On Taking Time for Yourself

I have never been good at knowing when to quit. I am someone who is constantly in their brain about working because on days that I am not, I don't usually feel good about myself. If I could start a project and not stop working until it was finished, I would. The project would be terrible, but it would be done and I would feel better. Unfinished work manifests as a nagging anxiety in my brain. Why isn't it done? I need to work on that. I'm so far behind.


Consequentially and perhaps unsurprisingly, my burnout rate is quite high. Up until last year, my hard drive was littered with unfinished project after unfinished project. Shorts, features, pilots, all of the above. Stopped on page 42 or 17. In the middle of an argument or a slugline. Unsure where they were going next. The self worth I have (unhealthily) tied to my work was not very high because the standards I set for myself I did not know how to reach them. I would set a goal, fail to reach it, then hate myself for not reaching it. Repeat.
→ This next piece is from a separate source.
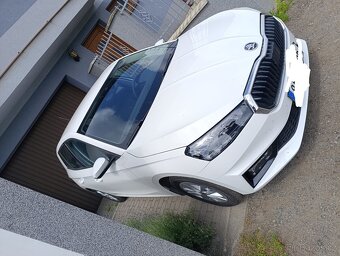 Škoda Fabia 4 1.0mpi 59kw rv 2023 - 3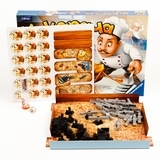 Нacтoльнaя игрa Ravensburger Кукарача (22333) - Pampik - 2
Ignoring all of this quarantining, I have decided to dedicate this month to something other than a writing, directing, or editing project for the first time since December 2018. It feels strange, in part because in my mind stopping = death. I am not stopping altogether- I still have this blog, and I still have some work training I have to do, but for the most part, the writing and the editing and the directing are on hold. I am exhausted and my brain, at the very thought of actually trying to outline something new, seems to seize and shut down. Writing takes a great deal of focus from me. Using that focus for things in my personal life feels a bit more important right now.


More than that, when jumping into a new project, I want to give it everything I have. And right now, that isn't a lot. I need to recharge, fill my brain with different ideas, think about the weird and arbitrary physics of wiffleballs for a while. Because the work is always there. That's the best part about it. I am always running towards some imaginary finish line or broad idea of success and the reality is that there is no finish line. There's only the work. You can do it every day until your brain bleeds, or you can take breathers when you need them. And right now, I'm taking a breather.